Stored dataset items
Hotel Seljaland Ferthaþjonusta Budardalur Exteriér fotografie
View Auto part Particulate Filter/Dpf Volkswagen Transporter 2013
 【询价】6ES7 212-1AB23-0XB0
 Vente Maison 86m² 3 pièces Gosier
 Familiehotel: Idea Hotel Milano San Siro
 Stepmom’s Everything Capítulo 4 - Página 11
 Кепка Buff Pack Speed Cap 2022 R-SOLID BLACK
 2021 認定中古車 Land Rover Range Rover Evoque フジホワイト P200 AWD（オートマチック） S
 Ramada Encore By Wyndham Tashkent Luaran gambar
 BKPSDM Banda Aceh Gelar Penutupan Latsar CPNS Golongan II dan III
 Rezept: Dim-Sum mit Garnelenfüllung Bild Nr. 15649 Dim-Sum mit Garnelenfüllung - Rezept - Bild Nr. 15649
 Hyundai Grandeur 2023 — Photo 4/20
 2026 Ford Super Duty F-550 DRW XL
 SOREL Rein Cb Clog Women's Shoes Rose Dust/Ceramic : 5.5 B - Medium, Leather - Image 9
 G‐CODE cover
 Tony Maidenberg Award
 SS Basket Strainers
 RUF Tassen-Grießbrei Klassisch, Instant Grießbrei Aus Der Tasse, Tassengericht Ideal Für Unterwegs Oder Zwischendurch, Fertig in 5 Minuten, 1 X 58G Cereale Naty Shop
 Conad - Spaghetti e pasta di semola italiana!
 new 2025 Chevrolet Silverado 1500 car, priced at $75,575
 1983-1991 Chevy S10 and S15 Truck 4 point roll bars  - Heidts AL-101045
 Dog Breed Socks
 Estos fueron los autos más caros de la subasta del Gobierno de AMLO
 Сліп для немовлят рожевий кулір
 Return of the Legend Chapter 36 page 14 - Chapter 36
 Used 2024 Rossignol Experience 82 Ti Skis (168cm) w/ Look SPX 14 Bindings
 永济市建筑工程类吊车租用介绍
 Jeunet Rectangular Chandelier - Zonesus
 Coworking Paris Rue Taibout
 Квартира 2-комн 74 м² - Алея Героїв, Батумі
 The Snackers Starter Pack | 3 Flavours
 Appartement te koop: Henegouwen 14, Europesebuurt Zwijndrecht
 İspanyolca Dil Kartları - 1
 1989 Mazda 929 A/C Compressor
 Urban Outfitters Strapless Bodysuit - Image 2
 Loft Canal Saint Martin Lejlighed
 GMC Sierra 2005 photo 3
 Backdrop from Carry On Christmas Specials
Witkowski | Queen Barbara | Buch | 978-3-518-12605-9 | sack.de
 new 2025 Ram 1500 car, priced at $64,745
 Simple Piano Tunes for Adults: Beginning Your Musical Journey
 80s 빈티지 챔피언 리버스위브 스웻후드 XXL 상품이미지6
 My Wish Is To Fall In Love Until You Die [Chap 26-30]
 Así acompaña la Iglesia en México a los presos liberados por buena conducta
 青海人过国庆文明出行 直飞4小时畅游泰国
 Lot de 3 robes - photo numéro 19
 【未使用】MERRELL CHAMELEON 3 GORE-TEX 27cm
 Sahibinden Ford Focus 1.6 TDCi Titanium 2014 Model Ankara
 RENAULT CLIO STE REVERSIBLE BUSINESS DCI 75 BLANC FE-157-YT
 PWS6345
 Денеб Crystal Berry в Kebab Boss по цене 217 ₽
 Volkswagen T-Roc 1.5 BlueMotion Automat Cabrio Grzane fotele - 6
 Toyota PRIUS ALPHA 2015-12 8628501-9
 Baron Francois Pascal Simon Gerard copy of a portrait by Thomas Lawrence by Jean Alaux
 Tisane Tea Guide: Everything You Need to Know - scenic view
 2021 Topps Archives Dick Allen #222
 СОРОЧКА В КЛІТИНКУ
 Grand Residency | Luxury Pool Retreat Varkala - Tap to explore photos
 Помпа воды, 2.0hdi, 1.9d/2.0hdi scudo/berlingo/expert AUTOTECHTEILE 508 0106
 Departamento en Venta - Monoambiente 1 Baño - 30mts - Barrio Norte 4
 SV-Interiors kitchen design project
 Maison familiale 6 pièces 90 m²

**WHAT IS NEEDED**
Copy out, in full, each line above that has the word "Everything" in it.

**SOLVED EXERCISE**
 Stepmom’s Everything Capítulo 4 - Página 11
 Tisane Tea Guide: Everything You Need to Know - scenic view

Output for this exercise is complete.